Absent urgent and forceful action by Washington, Taylor foresaw the emergence in Saigon of a government likely to seek “accommodation with the National Liberation Front and Hanoi.” Diem, it turned out, had been an irreplaceable figure. “I doubt that anyone appreciated the magnitude of the centrifugal political forces which had been kept under control by his iron rule.”

Simply trying harder was unlikely to produce better results next week or next month. The advisory program—Taylor reported that there were now 23,700 U.S. military personnel in country—had “probably reached about the saturation point.” The order of the day was to try something different. “The game needs to be opened up,” Taylor advised, “and new opportunities offered for new breaks which hopefully may be in our favor.”

In Taylor’s view, opening up the game need not require the introduction of U.S. ground troops. Instead, the former army general and self-described skeptic regarding the efficacy of aerial bombardment pressed for a “program of graduated air attacks” directed against North Vietnam. Air power constituted “the most flexible weapon in our arsenal of military superiority,” he wrote. Its skillful application would “bring pressure on the will” of those who governed in Hanoi.

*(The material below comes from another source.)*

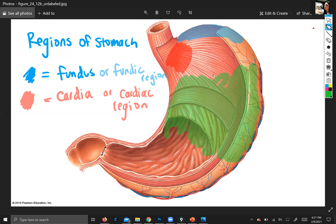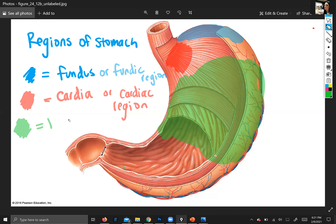This sort of straight up-and-down central part is the body. That's pretty easy — it's pretty obvious. It's just the main part of the stomach.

“As practical men,” Taylor continued, “they cannot wish to see the fruits of ten years of labor destroyed by slowly escalating air attacks (which they cannot prevent) without trying to find some accommodation which will exorcise the threat.” In the meantime, this affirmation of America’s commitment to South Vietnam was sure to “give the local morale a much needed shot in the arm,” boosting flagging spirits and putting to rest suspicions that the United States might be looking for ways to cut its losses. Taylor concluded: “[W]e should look for an occasion to begin air operations just as soon as we have satisfactorily compromised the current political situation in Saigon.”54

“Compromising” the political situation in Saigon implied establishing some semblance of a stable and effective South Vietnamese government. First, get the South on track politically, then hammer the North militarily: This was Taylor’s proposed sequence. Unfortunately for his plan, there was little to suggest that further American coaching, chiding, or conspiring was going to fix the political situation in Saigon. As Taylor himself acknowledged, “No amount of persuasion or communication is going to make [the South Vietnamese] other than what they are over the short term.”55 Nonetheless, bombing the North—styled as “reprisals” to convey the sense that the United States was responding defensively to Viet Cong attacks in the South—now emerged as the favored next step.

Johnson himself remained unconvinced. So the president’s national security adviser and defense secretary now weighed in, prodding their boss to act. The United States, they argued, could no longer afford to wait for South Vietnam to get its act together. “Bob [McNamara] and I,” wrote Bundy in a memo to the president on January 27, “are persuaded that there is no real hope of success in this area unless and until our own policy and priorities change.” The confidence of the South Vietnamese in their patron and protector was, Bundy insisted, waning. Seeing “the enormous power of the United States withheld,” they now doubted the depth of American seriousness.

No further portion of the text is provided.